7. Economic Consequences I am not qualified in this domain but can appeal to common sense, suggesting
a) oil price rises when demand exceeds capacity or its perceived to be about to do so
b) high prices bring on recession, reducing demand, and thereby price
c) most cheap oil lies in the Middle East and Russia (the latter due to an adverse exchange rate)
d) Conventional oil costs less to produce than Non-conventional (as here defined)
e) tax distorts the picture in many ways, giving amongst other things a subsidy to Western companies for exploration, (many spending 10c dollars)

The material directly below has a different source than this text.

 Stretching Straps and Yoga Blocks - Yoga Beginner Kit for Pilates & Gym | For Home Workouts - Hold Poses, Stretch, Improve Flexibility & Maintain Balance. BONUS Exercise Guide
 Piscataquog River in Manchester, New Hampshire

f) the high social costs of Middle East governments with growing populations bring serious political strains if prices are low, and also limit their ability to make major investments needed to expand capacity
8. Conclusion Today, oil provides 40% of traded energy, and energy not money drives the economy. Production is set to start declining within about ten years. Since Hydrocarbon Man will be virtually extinct by the end of the Century, it might be a good idea to start planning how to use less and bring in such substitutes as can be found. Given the importance of the subject, it is surprising that more serious work is not done to resolve the matter. The obstacles are primarily political, tolerating ambiguous definitions and lax reporting practices, as there are no particular technical challenges in estimating the size of an oilfield or in assessing the potential for new discovery.
35. The Nemesis Report
Another contributor from the oil industry discusses the imminent peak of production in relation to falling discovery. He is obliged to remain anonymous because expression of these well-founded concerns would be an embarrassment to the corporate image-makers. He is at the same time somewhat anxious, lest revelations of the truth may cause panic in investment circles
THE IMPACT OF FALLING DISCOVERY ON PEAK PRODUCTION
It may seem strange to make such a request, but I earnestly beg you all to find errors in the following because, if you can, then we can all sleep a little easier in our beds.

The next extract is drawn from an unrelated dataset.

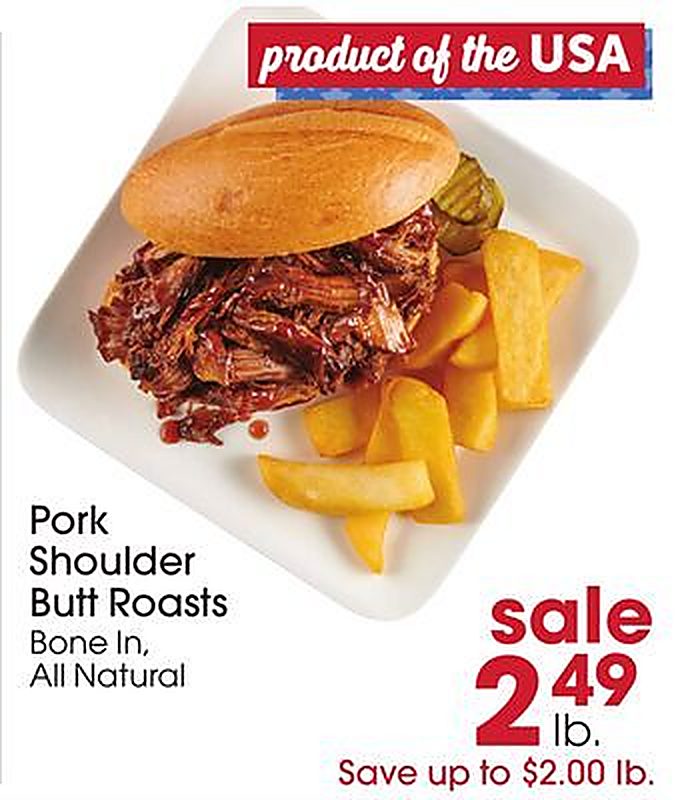 Pork Shoulder Butt Roasts - Giant Eagle weekly ad deal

As everyone is aware, politicians when confronted with awkward or difficult questions have a tried and tested response. They answer the question that hasn’t been asked or they answer the question quite literally, deliberately evading the substance of what their interrogators are trying to ask. Now, in these tricks the world’s politicians are mere amateurs when compared with the professional bureaucrats. This, I believe, is the explanation for all those reassuring reports and analyses from the IEA, EIA, USGS etc. But, before tackling them, let us look at a perfect contemporary example of the ‘answering the question that wasn’t being asked’.

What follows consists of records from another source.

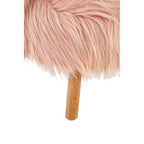 Pink Faux Fur Kids Chair | Soft Kids Chair with Angled Wooden Legs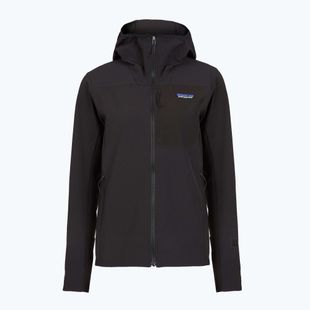 Geacă softshell pentru femei  Patagonia R1 CrossStrata Hoody black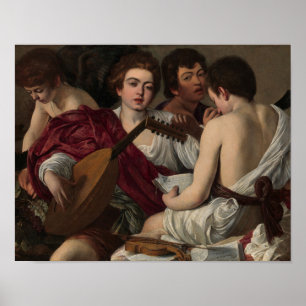 Os Músicos por Caravaggio Impressão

There is growing concern in the UK about future North Sea oil and gas production, and questions are starting to be asked. However, because most people view oil supplies as analogous to a pot of honey, the question they always ask is ‘When is it going to run out’ while what they think they’re asking is ‘Can production
8 levels be maintained’. Politicians, oil companies and bureaucrats cannot believe their luck and reply ‘There’s as much to produce, or more, than we’ve produced so far’, which is a perfectly accurate but wholly misleading statement. The clear implication is that there’s nothing to worry about. Even some of the analysts, who should know better, keep claiming that the decline to date (6% in 2000 and 12% in 2001) is a temporary phenomenon, an investment glitch, and a soon-to-be-reversed setback. They are plain wrong. We are past 50% depletion of the UKCS and sustained decline is now inevitable. Interestingly, a recent BP presentation in Aberdeen confirmed that the UK North Sea was past its peak, though rapidly adding that they (BP) would be able to maintain production at only a little under their peak for many years.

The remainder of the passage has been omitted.